Person looking at debit card.

Image source: Getty Images.

1. SoFi's balance sheet optics don't look great

SoFi's largest division that generates the most revenue for the company is its lending business, which originates mortgages, student loans, and personal loans. Due to the student loan moratorium, which depressed student lending, and the high interest rate environment, which depressed mortgage activity, SoFi leaned heavily into personal loans and now regularly originates more than $3 billion per quarter. Personal loans on the company's balance sheet now exceed $9.5 billion.

SoFi designates the loans as held for sale, meaning it intends to sell them before they mature. The bank typically keeps the loans on its balance sheet for several months to collect recurring interest income payments for a time and then sells the loans to investors in the secondary market. This allows SoFi to not have to take any meaningful provision for credit losses, which would drag down earnings. However, the difficult macro environment categorized by high funding costs and the potential for a recession dried up investor interest in personal loans. 

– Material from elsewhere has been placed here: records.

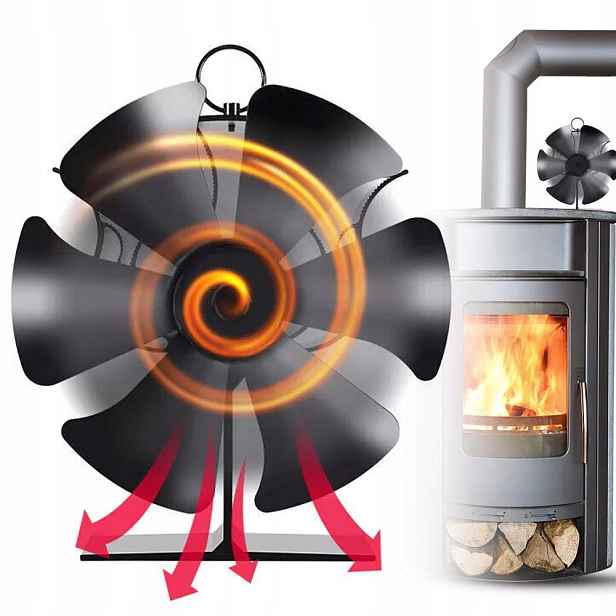 Termoelektrický Krbový Ventilátor Napájený Teplem, Tichý Ventilátor, Černý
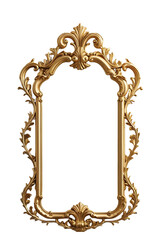 Ornate gold baroque mirror frame with acanthus leaf and heart motifs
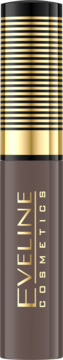 Eveline Cosmetics maskara do brwi w brązowo-złotej tubce, z pionowym napisem, widok z przodu.
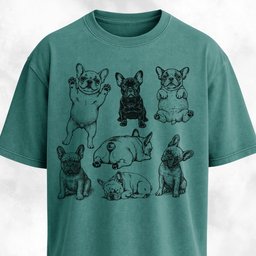 Frenchies Cute Vintage Collage T Shirt Gift For Dog Lover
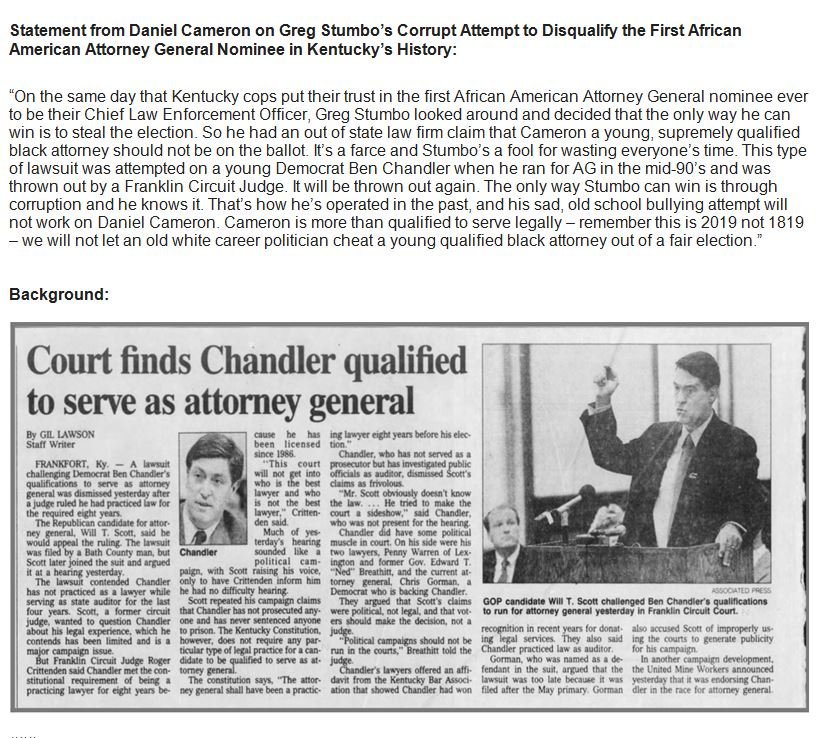 MichonLindstrom's tweet photo. .@DanielCameronAG is responding to a lawsuit filed trying to get him kicked off the ballot for not having the 8 years required by Kentucky Constitution to be AG. Says "It's a farce and Stumbo's a fool for wasting everyone's time." https://t.co/4PbTpMXJX3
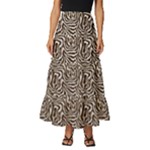 Brown Beige Snake Pattern Tiered Ruffle Maxi Skirt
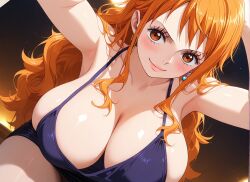 ai_generated alternate_ass_size alternate_body_type alternate_breast_size beautiful beauty breasts clothed clothing female female_focus female_only gigantic_ass gigantic_breasts huge_ass huge_breasts hyper hyper_breasts hyper_butt large_ass large_breasts mommy nagiotoai nami_(one_piece) one_piece open_eyes orange_hair solo solo_female solo_focus stretched_clothing tight_clothing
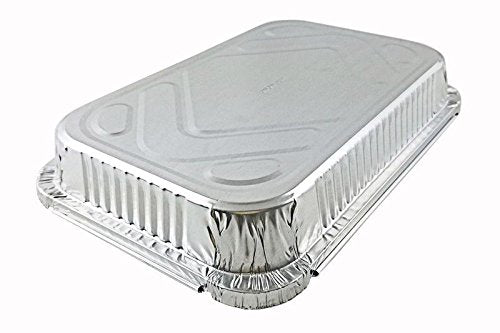 4 lb Oblong Aluminum Food Storage Pan with Board Lid, Pack of 50 Y712879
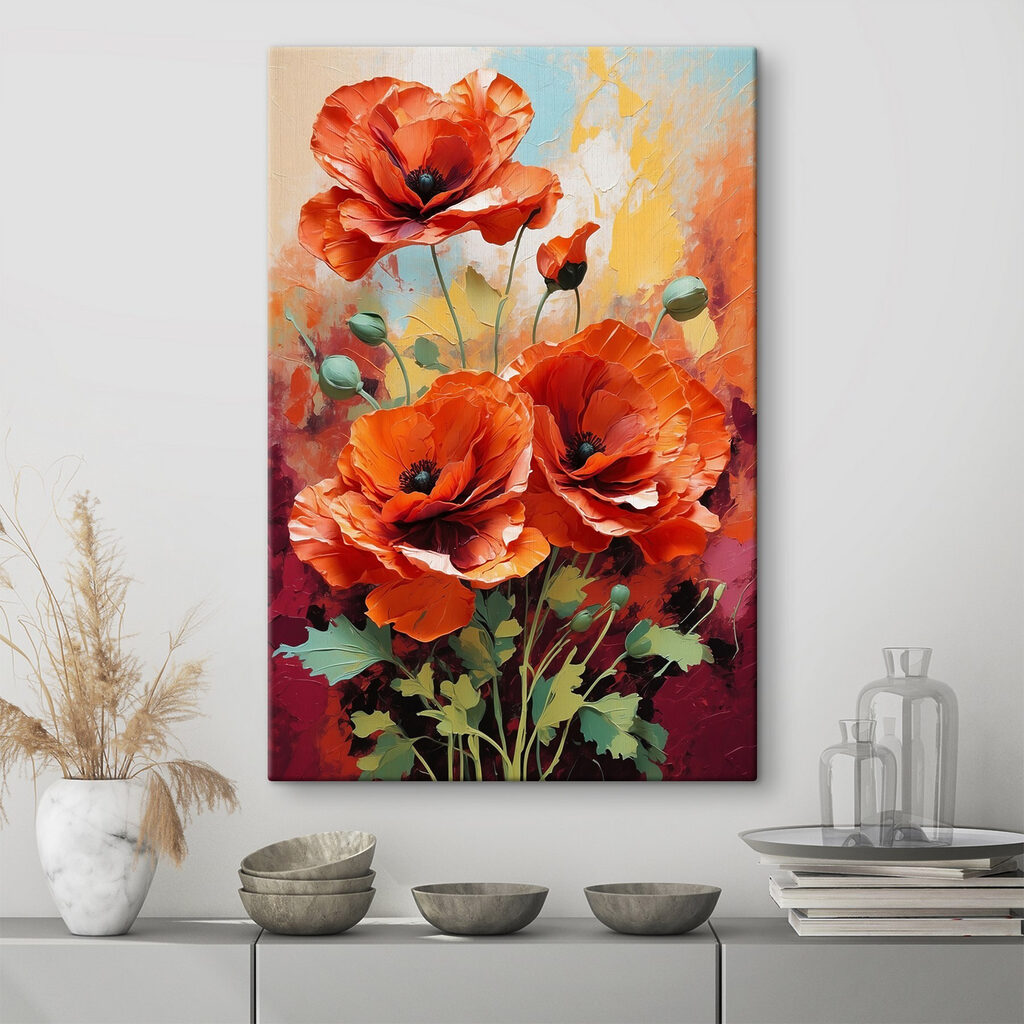 Painting of red flowers Painting of red flowers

This drove up fear that SoFi may have trouble offloading these loans, especially if the Fed keeps rates higher for longer or if the economy tips into a more severe recession. In this scenario, SoFi might be on the hook for loan losses in the portfolio or have to sell the loans at a loss.

SoFi didn't do any personal loan sales to whole loan borrowers in Q1, which could be due to a lack of demand or bad gain-on-sale margins. However, the company did execute a $440 million asset-backed securitization. If the Fed pauses its interest rate hikes soon, this may nudge investors back into the market. But until the company starts to offload some of these loans, I think the stock may continue to see pressure.

2. SoFi raised guidance, but not enough to impress

SoFi did manage to raise its guidance for the full year, but it was nothing to get too excited about. The company now expects adjusted revenue of $2.02 billion this year and adjusted earnings before interest, taxes, depreciation, and amortization (EBITDA) of $288 million at the top end of management's range. The prior guidance called for $2 billion of revenue and $280 million adjusted EBITDA at the top end.

Investors were likely hoping for more, although the company is still expecting to hit GAAP (generally accepted accounting principles) profitability by the fourth quarter of this year. I'm much more interested in this number, if the company can hit it, and then where it can go from there.

3. Galileo accounts fell

Galileo offers back-end payments infrastructure technology that enables companies to provide digital banking and card-issuing capabilities. For the first time ever, Galileo accounts fell -- from 131 million to 126 million in the first quarter.

SoFi's CEO Anthony Noto attributed the trend to the decision to stop going after small accounts and focus on larger, more durable clients that require longer sales cycles but will have a more material financial benefit once signed on.

Galileo is part of SoFi's tech segment, which may be driving SoFi's more expensive valuation. So weakness in the business also may be contributing to the less-than-enthusiastic reaction to SoFi's beat-and-raise quarter.